On Mar 20, 2013, at 7:01 PM, Ori Livneh <ori(a)wikimedia.org> wrote:
See my e-mail below and Erik Zachte's reply. I don't mind switching to tabs
(I'm just making the change to the EventLogging config right now..) but I think we
still need to escape whatever character we choose as delimiter in HTTP headers
As for escaping field separators... The logging has been changed to use tabs for some time
already, and we've never been escaping tabs, just spaces. So I'm not changing
/that/ part right now, just disabling the escaping of spaces as well, as there doesn't
seem to be any use anymore.
> From: Erik Zachte <ezachte(a)wikimedia.org>
> We had major data loss on two occasions because of
misaligned fields. Broken
> records just fell through and went unnoticed, causing up to some 20% data
> loss for months. There was embarrassment all over. It took many days to
> repair the data as much as possible.

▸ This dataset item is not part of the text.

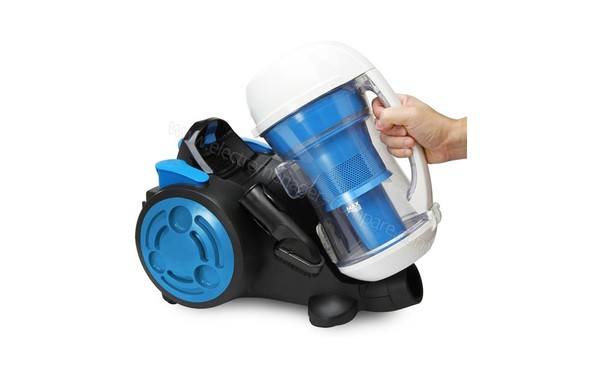 MONTISS CVC5791M - Extraction du bac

So if we fix this, let us make it
> really robust, without causing too much overhead.
> If we bet tabs will never be introduced in the input stream, even where they
> are legal, and we take that approach on several issues, one of those
> unlikely events will surely happen sooner than you think (these are not
> random mutations, somewhere someone follows the same logic of making another
> layer more robust, call it evolutionary convergence).

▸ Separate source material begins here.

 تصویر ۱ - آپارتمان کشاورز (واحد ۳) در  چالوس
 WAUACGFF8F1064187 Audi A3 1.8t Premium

> The code to change existing tabs into some less
obnoxious character is dead
> trivial, hardly any overhead. At worst one field will then be affected, not
> the whole record, which makes it easier to spot and debug the anomaly when
> it happens.
> Scanning an input record for tabs and raising a counter is also very
> efficient. Sending one alert hourly based on this counter should make us
> aware soon enough when this issue needs follow-up, yet without causing
> bottle necks.
Replacing tabs by a single other character is a lot better efficiency wise than escaping
indeed. Because it doesn't change the length of the string, thus doesn't need a
new memory allocation and string copy. Still, scanning a string is not completely trivial
overhead (Varnish itself for example tries to avoid it at all cost), and I would prefer to
avoid it if we can. Varnishncsa uses a significant amount of CPU right now, and since
we're reducing the number of Varnish servers and increasing the amount of requests per
box, I'd like to make it as efficient as we can.
I like the idea of monitoring the situation, and acting on it when needed. Since a log
record should always contain a fixed number of tabs (field separators), anything wrong
should be very easy to detect on the log processing side I think.
Thanks for thinking along,
Mark Bergsma <mark(a)wikimedia.org>
Lead Operations Architect